To generate test cases for the given tree problem, we need to:

1. Randomly generate a tree with \(N\) vertices.
2. Ensure that the tree is connected and has \(N-1\) edges.
3. Generate \(Q\) queries that ask for the shortest path between two vertices via a specific vertex \(K\).

Here is a Python function that generates such test cases:

```python
import random

def generate_tree(N):
    edges = []
    for i in range(2, N + 1):
        u = random.randint(1, i - 1)
        v = i
        c = random.randint(1, 10**9)
        edges.append((u, v, c))
    return edges

def generate_queries(Q, N, K):
    queries = []
    for _ in range(Q):
        while True:
            x = random.randint(1, N)
            y = random.randint(1, N)
            if x != y and x != K and y != K:
                break
        queries.append((x, y))
    return queries

def tcgen():
    N = random.randint(3, 10**5)
    edges = generate_tree(N)
    
    Q = random.randint(1, 10**5)
    K = random.randint(1, N)
    
    queries = generate_queries(Q, N, K)
    
    return N, edges, Q, K, queries

def print_test_case():
    N, edges, Q, K, queries = tcgen()
    
    print(N)
    for u, v, c in edges:
        print(u, v, c)
    print(Q, K)
    for x, y in queries:
        print(x, y)

# Example usage:
print_test_case()
```

### Explanation:

1. **generate_tree(N)**: This function generates a tree with \(N\) vertices.

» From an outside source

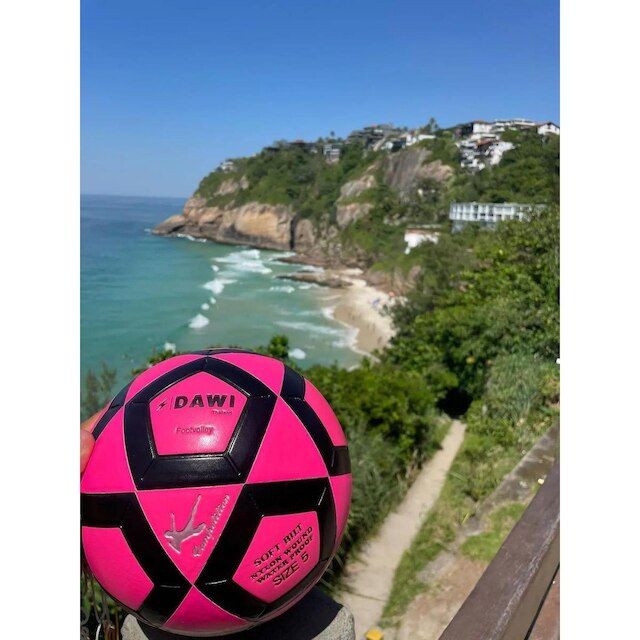 Bola De Futevôlei e altinha Dawi Competition Oficial original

It ensures the tree is connected by connecting each new vertex \(v\) to an existing vertex \(u\) (always ensuring \(u < v\) to avoid cycles). Each edge has a randomly assigned weight between 1 and \(10^9\).
2. **generate_queries(Q, N, K)**: This function generates \(Q\) queries. Each query is a pair of vertices \(x\) and \(y\) such that \(x \neq y\), \(x \neq K\), and \(y \neq K\).
3. **tcgen()**: This function integrates the above functions to generate a complete test case with \(N\) vertices, a list of edges, \(Q\) queries, and the specific vertex \(K\).
4. **print_test_case()**: This function prints the generated test case in the specified format.

This approach ensures the generated test cases adhere to the problem constraints and are suitable for thorough testing of the solution.